Last night, Elizabeth and I camped at Redfish Lake, a big glacial lake on the western edge of Idaho’s Sawtooth Range.
This morning we drove to Redfish Lodge, took a boat shuttle across the lake, and got dropped off at a tiny dock at the Redfish Lake Creek inlet.
We started hiking at 9:40. We wanted to go to Baron Pass, where “peaks, crags, and serrated ridges stretch in every direction into blue haze”, according to my guidebook. It was a 14-mile round trip. This distance was well within our abilities, but there was one catch: getting the boat shuttle back to Redfish Lodge. The last two return trips were at 5:00 and 7:00. I didn’t even consider the last shuttle; missing it and spending a night in the woods with our dayhiking gear wasn’t an option. So we decided to make the 5:00 trip. But was that enough time for the hike?
We started in a forest of lodgepole pine (Pinus contorta), subalpine fir (Abies lasiocarpa), and Engelmann spruce (Picea engelmannii). The trees were old, but not large. The forest canopy offered partial sunlight as well as partial views of the peaks lining the valley.
A meadow created by a rockslide gave us our first good look at the Redfish Lake Creek valley. On both sides were apricot-colored granite peaks, giant spires connected by ridges bristling with pinnacles.
At Flatrock Junction, the trail split and we followed it out of the valley and up toward Baron Pass. This part of the hike reminded me of our hikes in Washington’s North Cascades. Like the valleys in the North Cascades, the valleys in the Sawtooths have a classic U-shape carved by glaciers millennia ago. For hikers, this means long, flat trails down valley bottoms, and short, steep trails out of them.
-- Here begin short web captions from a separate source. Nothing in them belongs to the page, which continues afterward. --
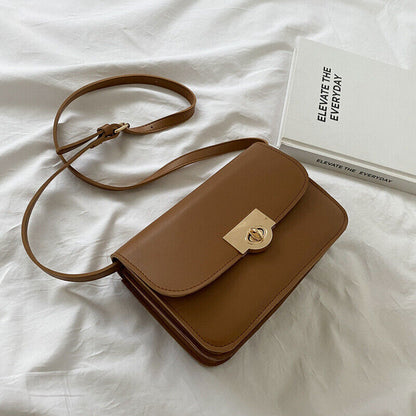Women Bag Lock Ladies Shoulder Bag Messenger Bag PU Small Square Bag for Women
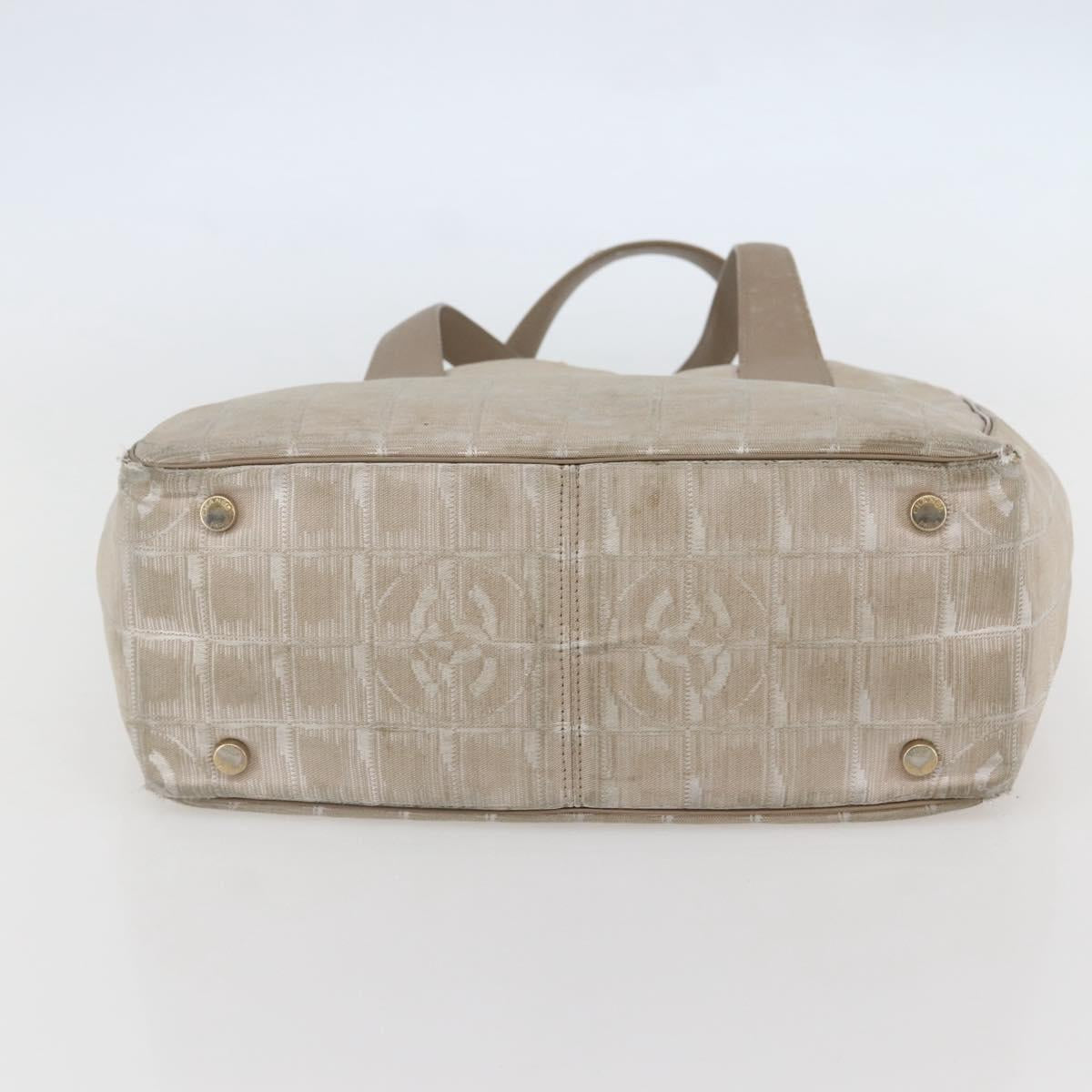 CHANEL New Travel Line Tote Bag Nylon Beige Gold CC Auth ti3446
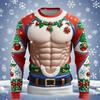 Muscle Christmas T-shirt Men Tops Casual Loose Streetwear 3D Printed Ugly Christmas Long Sleeve Tee Sport T-Shirt Y2k Clothes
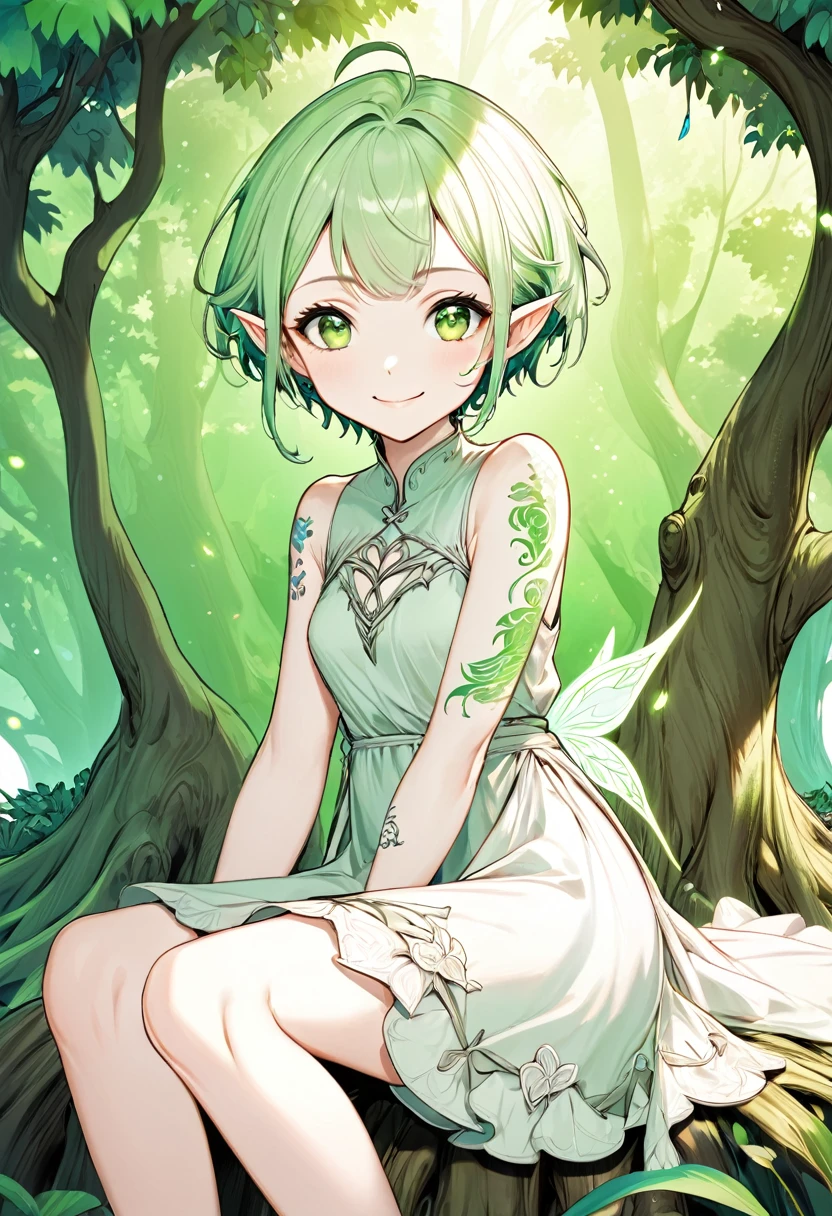 line art, iridescent white light effect, 2.5D, delicate and dynamic, pure palegreen world, cute white elf girl, captivating smile, forehead, white very short messy pixie cut, loose dress, thin flat body line, covered in tattoos, sitting, leaning against a large palegreen tree, background palegreen, cartoon-style images, shading, contrast magic effects, palegreen eyes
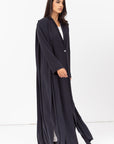 Loose Cut Pleated Abaya in Navy Blue RTW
We hiked up switchbacks through meadows that gave us excellent views up and down Redfish Lake Creek valley. The valley was lined with shining peaks and filled with deep green forest. Farther up the valley, beyond the junction, were even higher peaks, their faces still holding significant snowfields.
The upper switchbacks passed through some large Douglas-fir (Pseudotsuga menziesii). And in the meadows I spotted two interesting wildflowers. The first was a new species of Calochortus for me, big-pod mariposa lily (Calochortus eurycarpus). The other was a species of columbine (Aquilegia formosa) familiar from California.
Once we reached the rim of the valley, we hiked over level ground to Alpine Lake.
Did I mention Alpine Lake? At just over 5.4 miles into the hike to Baron Pass, you reach a nice, modestly-sized lake ringed by mountains and filled with crystal blue water.
Elizabeth and I got to Alpine Lake at 12:45, which left us about 45 minutes until we had to turn around. We briefly considered trying to hike the remaining 1.6 miles to Baron Pass in the time, but with one look at the lake our minds were made up. So, we set down our packs, took off our shoes, and soaked our feet in the chilly water. I read my map and guidebook while Elizabeth watched frogs catch flies.
After an hour relaxing at the lake, we hiked back to the inlet. As we hiked, clouds formed in the distance and produced shafts of rain, but we never heard thunder and they eventually dissipated.
We got to the inlet at 4:10, fifty minutes early. The beautiful view and the sandy beach, however, made the time spent waiting for the shuttle go by easily.